When calculating how much time it takes to count from $1$ to $n$, it is normally used the approximation that it takes about $1s$ to say a number out loud, so it would take $n$ seconds, but there's a considerable difference in the time it takes to say $7$ and $85,346,753$ for example, so a more precise formula of how many seconds it takes to say a number out loud would be:
$$T(x) = \frac{d(x)}{3} \cdot 1.5s + \lceil\frac{d(x)}{3} - 1\rceil \cdot 0.5s$$ Where $d(x)$ is the number of digits of $x$ $(\lfloor log_{10}(x) \rfloor + 1)$
- $(\frac{d}{3} \cdot 1.5s)$:
Numbers in english are read in groups of 3, there are $\frac{d}{3}$ groups of 3, and it takes on average $1.5s$ to say a three-digit number out loud
- $(\lceil\frac{d}{3} - 1\rceil \cdot 0.5s)$:
This is for the magnitude words (thousand, million, trillion, etc.), these appear in every group of 3 digits, as said before there are $\frac{d}{3}$ groups of 3, the $-1$ there is because "units" is normally omitted, round up because even if there is a group of 1 or 2 digits, the magnitude word is still said, as in $25000$ (25 thousand), and it takes about $0.5s$ to say these words.

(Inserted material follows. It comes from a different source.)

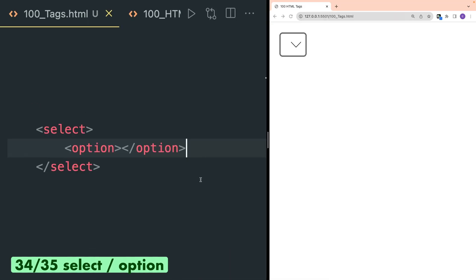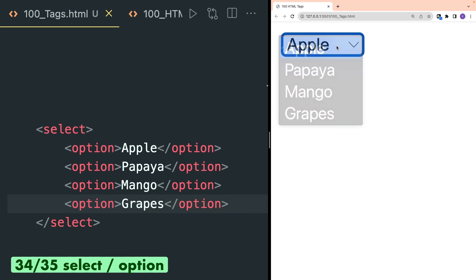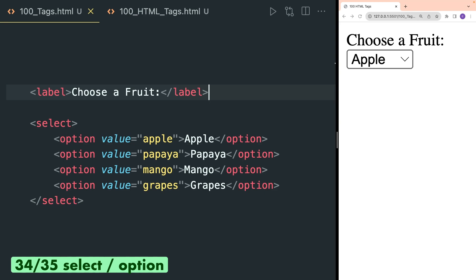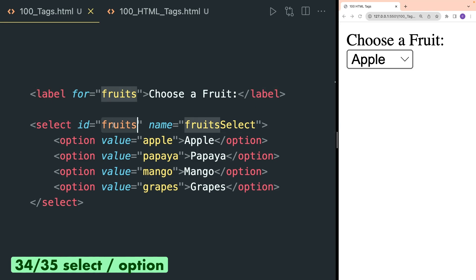Option tags inside select are used to display drop-down items. Here I have added a bunch of fruit names inside option tags and as you can see they are rendered inside this drop-down list and I can select any one of them. Also, you need to add value attributes inside each option HTML tag. It is also recommended to use a label tag with the select tag. You can connect the select and label HTML tags by providing the same values inside id and for attributes.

Now to calculate how many time it takes to count from 1 to $n$, the formula would be:
$$\sum_{k=1}^n \frac{d(k)}{3} \cdot 1.5s + \lceil\frac{d(k)}{3} - 1\rceil \cdot 0.5s$$
For comparison, this formula says that counting from 1 to 1 million would take about 39 days, the formula that consider 1s for each number says that it would take about 11 days.
How can i find a formula that can approximate this summation with less computation power needed? (like how $n!$ is approximated with $\sqrt{2\pi n}(\frac{n}{e})^n$)
For large enough $n$ for almost all $k \le n$, $d(k) \approx \log_{10}k + 1$ and $\lceil d(k)/3 - 1\rceil \approx \frac13\log_{10}k - \frac23$. So the sum approximates $$\frac 76n + \sum_{k=1}^n 2\log_{10} k = \frac 76n + 2\log_{10} n!$$ And by that same Sterling approximation, this is about $$\left(\frac76 - 2\log_{10}e\right)n + (2n+1)\log_{10}n$$ Where I've dropped the constant $\log_{10}2\pi$ as insignificant.
So you are looking at $O(n\log n)$ growth.